++++ Dataset entries
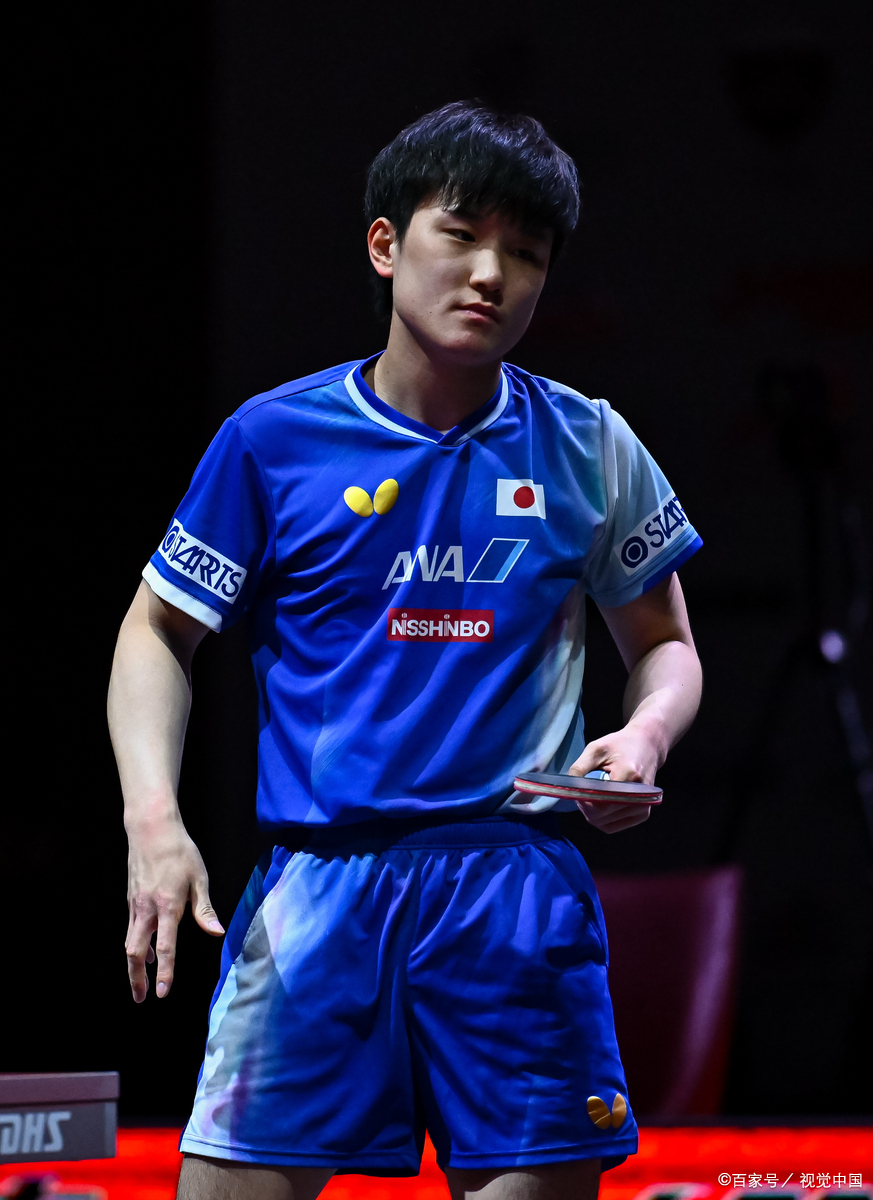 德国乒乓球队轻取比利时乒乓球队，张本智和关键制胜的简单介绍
++++++++
++++ Dataset entries
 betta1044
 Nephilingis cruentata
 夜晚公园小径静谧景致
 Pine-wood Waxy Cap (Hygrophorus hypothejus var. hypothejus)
++++++++
++++ Dataset entries
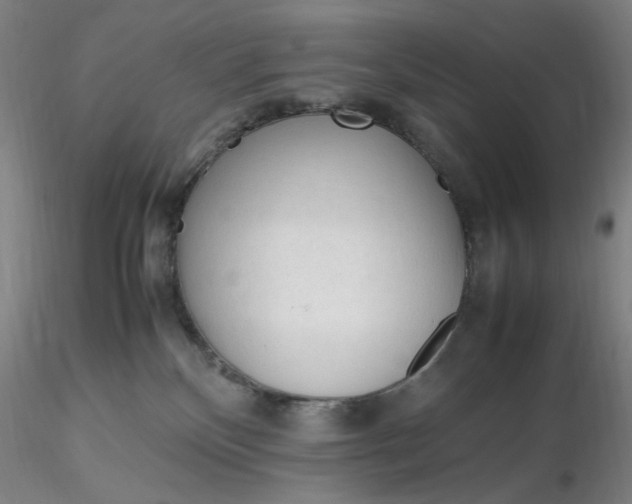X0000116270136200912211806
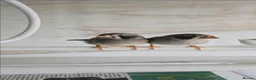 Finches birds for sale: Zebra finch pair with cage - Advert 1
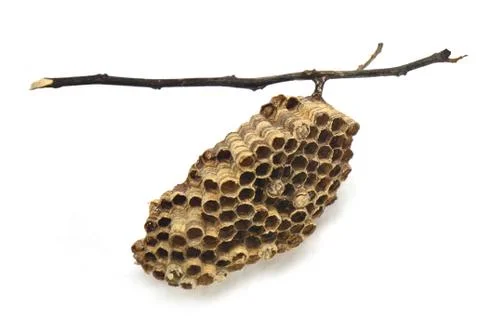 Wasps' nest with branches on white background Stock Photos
++++++++
### [Task prompt]
The lines to set down run from the line with "X0000116270136200912211806" up to and including the line with "Wasps' nest with" in the entries above. Reproduce them exactly, with no pictures.

### [Completed exercise]
X0000116270136200912211806
 Finches birds for sale: Zebra finch pair with cage - Advert 1
 Wasps' nest with branches on white background Stock Photos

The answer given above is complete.